Açılış konuşmaları ile başlayan törende merkez hakkında yapılan bilgilendirme sunumunun ardından söz alan Dardanel Önentaş A.Ş Yönetim Kurulu Başkanı Niyazi Önen; "Türkiye`nin ve Çanakkale`nin 3 tarafının denizler ile çevrili olmasına rağmen, diğer Akdeniz ülkeleri gibi denize çok yakın değiliz. Bizlerin de denize yakın olmamız gerekir. Deniz kültürünün ve denize dayalı sanayimizin artması ülkemizin menfaatine olacaktır. Hedefimiz, ülkemize ve Çanakkale`ye daha fazla katkı sağlamak. Deniz ile ilgili böyle bir tesise destek sağlama fırsatı verdiği için Çanakkale Belediyesine çok teşekkür ediyorum.
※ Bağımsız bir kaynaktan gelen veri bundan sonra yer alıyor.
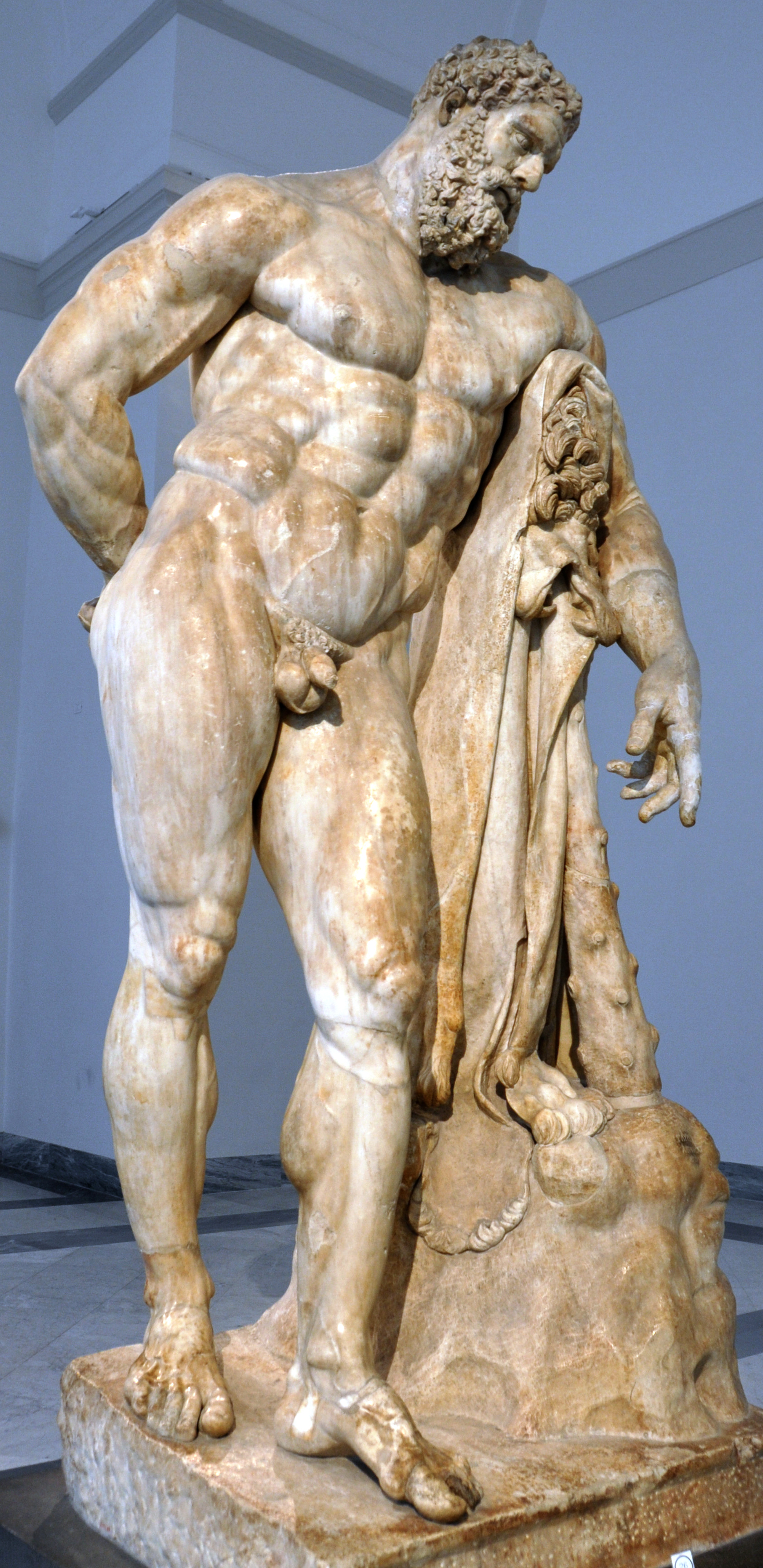 Hercules farnese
Bu tür yatırımların Çanakkale`mize büyük katkı sağlayacağını düşünüyorum" şeklinde konuştu. 
 
"Deniz kültürünün gelişmesine katkı sağlayacak"
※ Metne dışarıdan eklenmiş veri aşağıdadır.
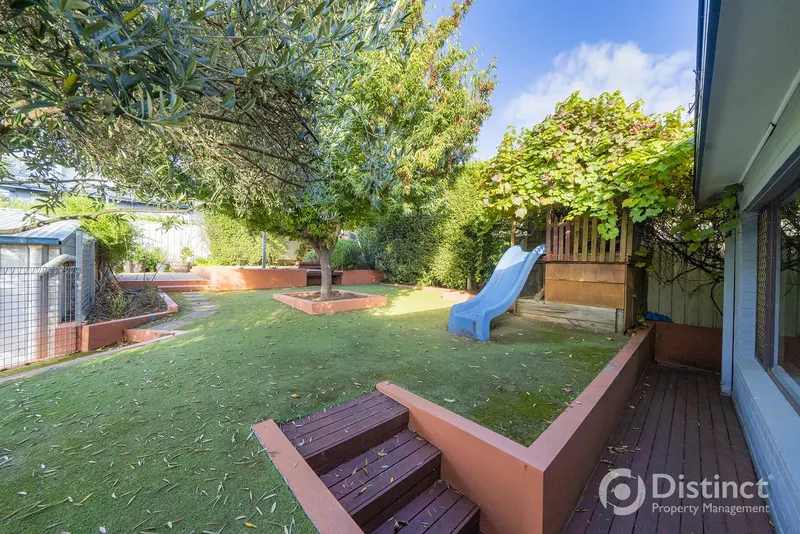 80 Walker Crescent, Narrabundah, photo 11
Açılışta konuşan ÇOMÜ Rektörü Prof. Dr. Sedat Murat ise; "Karina Deniz Kültürü Merkezi`nin Çanakkale`de etkili sonuçlar doğurmasını, deniz kültürünün, su ile temasın daha fazla sağlanmasına katkı vereceğini düşünüyorum. Deniz Bilimleri ve Teknolojileri Fakültemizdeki hocalarımız çok değerli araştırmalar yapıyorlar. Belediye Başkanımız da bu konuda bize destekler veriyor. Buradan başta Niyazi Bey olmak üzere tüm kurumlarımıza sesleniyorum, deniz bilimlerine daha fazla katkı vermenizi bekliyoruz. Deniz Bilimleri Fakültemiz, en fazla yayın yapan fakültelerimizden biri. Onun için hocalarımızı daha fazla sahada olması gerekiyor. Bu nedenle de bütün yerel birimlerin, STK`ların ve sektörün bu konuda bize daha fazla destek vermesini diliyoruz. Böylelikle de hep birlikte Çanakkale`ye çok daha fazla şeyler kazandırabiliriz" dedi. 
 
"Kent yaşamında deniz kültürü daha fazla yayılmalı"
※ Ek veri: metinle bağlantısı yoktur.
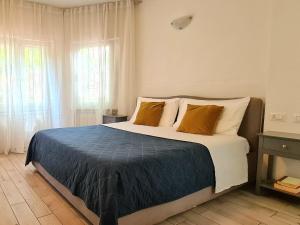 una camera da letto con un grande letto con due cuscini di Appartamento a Cagliari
Son olarak söz alan Belediye Başkanı Ülgür Gökhan ise; "Çanakkale suyun ve rüzgarın kenti. Çanakkale aynı zamanda Muğla`dan sonra Türkiye`nin 2`inci kıyıya en uzun sahili olan şehir. 2 tane adamız ve 2 tane denizimiz var. Saroz Körfezimiz var ve çift taraflı akıntısı olan bir boğaza sahibiz. Bütün bunlara rağmen yeteri kadar denizle haşır neşir olamamışız. Biz denizin kıymetini tam bilememişiz. Bunun için Çanakkale`nin yeni nesil çocukları denizi, denizciliği, balıkçılığı tanısın ve balık avlamasını öğrensin. Yat limanı dediğimiz bir alan ve orada küçük tekneler var. Halbuki orada yelkenliler olması lazım. Onların boğazda yaz kış dolaşıyor olması lazım ancak bizde yok. Özellikle Avustralya`ya gittiğimde görmüştüm hafta sonu olduğunda denizin üzerinde yer olmuyor. Neredeyse tekneler birbirine değecek. Dolayısı ile bizim denize bakmamız lazım. Denizin kıymetini anlamamız lazım. Çanakkale`nin denizle daha fazla haşır neşir olması ve kent yaşamında deniz kültürünün daha fazla yayılması gerek. Burayı yapmakta ki amacımız; Çanakkale`deki deniz ekolojisini tanıtmak, su altı ve rüzgar sporlarını görünür kılmak. Burayı düşünürken değerli rektörümüzün cesaretlendirmesi ile Deniz Bilimleri Fakültesi dekan ve öğretim görevlileri bizimle birlikte buranın yapımı ile ilgili emek sarf ettiler. Özellikle kendilerine ve bu merkezin açılmasında emeği geçenlere çok teşekkür ediyorum" dedi. Konuşmaların ardından kurdele kesimi ile açılan merkez binasını gezen katılımcılar, merkezde gerçekleştirilecek faaliyetler ve burada yer alan deniz canlıları hakkında teknik personelden bilgi aldı. 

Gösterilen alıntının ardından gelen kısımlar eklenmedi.